October 2, 2023

US crude exports hit daily record amid inclement weather – with further challenges ahead

As the dust settles on November crude exports, the impact of winter storms appears to have halted a three-month consecutive streak of record monthly exports. But there is one record achieved in November – that of a high watermark for daily crude exports. On 17 November, after a lone 693 kb loading on the previous day from Houston, some 12.45 Mb were loaded across five ports – the highest volume since the US crude export ban was lifted in late 2015.

Monthly US crude exports tend to start the month off with a low EIA week, with the second half of the month typically stronger than the first. This is a function of monthly contract expiries and a typically backwardated market, which encourages buyers to wait and buy crude at a cheaper price once the previous month’s contract has rolled off the board. This tends to boost exports in the second half of the month. Still, November exports have been struggling to finish with their usual month-end flourish as inclement weather has hit the US Gulf in recent weeks, hampering reverse lightering operations.

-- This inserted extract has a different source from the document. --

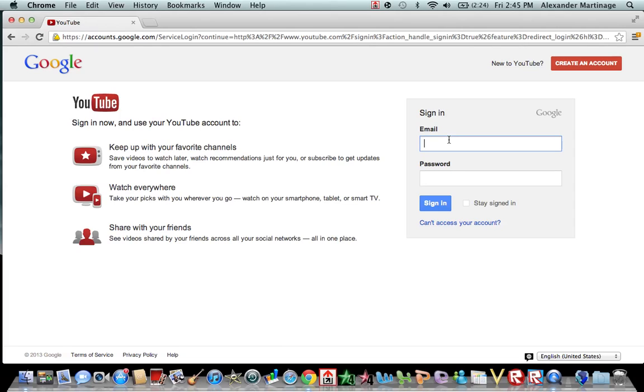Once you fill in everything, you'll hit next, and it'll be sent to Google. And you will have to wait a week or so before they can verify it.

This added uncertainty and volatility helped exports to achieve their daily record on 17 November.  

About 40% of US crude exports head to Asia, with most of these volumes loaded onto VLCCs; larger vessels make the most economic sense to transport crude further distances. There is only one port in the US Gulf, the Louisiana Offshore Oil Port (LOOP), which can fully load a VLCC, with medium sour Mars crude the usual grade loaded, but there are typically only a couple of VLCC loadings from LOOP per month. The rest of the VLCCs used for US crude exports are either partially loaded at the port of Corpus Christi at Enbridge’s Ingleside terminal or Buckeye’s South Texas Gateway terminal before receiving an additional parcel via reverse lightering in the US Gulf, otherwise, VLCCs are fully reverse lightered in one of the US Gulf’s lightering zones. Hence, winter storms have caused some delays.

Asian crude imports from the US by vessel type, kbd

Vast majority of flows are onboard VLCC / ULCCs

Source: Kpler

These storms in the Gulf have also disrupted flows to Europe, given that the region is now taking more VLCCs as it increases its reliance on US crude. Prior to 2022, volumes to Europe predominantly moved on Aframaxes, but given both higher volumes and higher Aframax freight rates as a result of changing Russian crude flows, European buyers have leaned more heavily on VLCCs – particularly during periods of demand weakness (ergo, low freight rates) this year for VLCCs, spurred on by subdued Chinese demand. The majority of the barrels that Europe is taking by VLCC have been light sweet – a reflection of the crude quality of ~85% of US crude that leaves the Gulf Coast, but as Europe has sought sour barrels this year to replace Russian crude, it has also pulled in 5 Mb of sour SPR barrels via Big Hill Sour, West Hackberry Sour and Bryan Mound Sour grades on VLCCs - as well as 3.25 Mb of Mars crude from LOOP.  This is about a

European imports of US crude on VLCCs by crude quality, kbd

Higher volumes into Europe facilitated by greater usage of VLCCs

Source: Kpler

Looking ahead to what could impact US crude exports in the immediate, medium and long term, there are a number of prescient factors that jump out. In the immediate term, elevated freight rates could provide headwinds to US exports as we move into 2023. Aframax freight rates have kicked higher, but so have VLCC rates, mitigating the benefit of a wide Brent-WTI spread, which has been present for much of this year.  

As for the medium term, ExxonMobil’s 250 kbd expansion at its Beaumont refinery (known as BLADE -  Beaumont Light Atmospheric Distillation Expansion) is set to come online in Q2 2023, boosting refining capacity at the facility to 633 kbd – bringing it in line with Motiva’s Port Arthur refinery, the largest in the US and making it the largest refinery expansion in the US in a decade. Given the refinery expansion’s focus on light crude, it could divert light sweet barrels away from the export market and towards domestic consumption instead unless US onshore production keeps ramping up. Offsetting the impact of this expansion could be further refinery closures on the Gulf Coast, with Lyondell Basell’s 264 kbd Houston refinery set to close by the end of next year.  

Finally, for the long-term, Enterprise Products’ Sea Port Oil Terminal (SPOT), a proposed 2 Mbd oil export terminal offshore Texas, is getting closer to becoming a reality after it received federal approval to apply for a permit by the Maritime Administration (MARAD). Given this progress, construction of the terminal could begin in mid-2023, being completed by the end of 2024 and then commissioned in the latter half of 2025.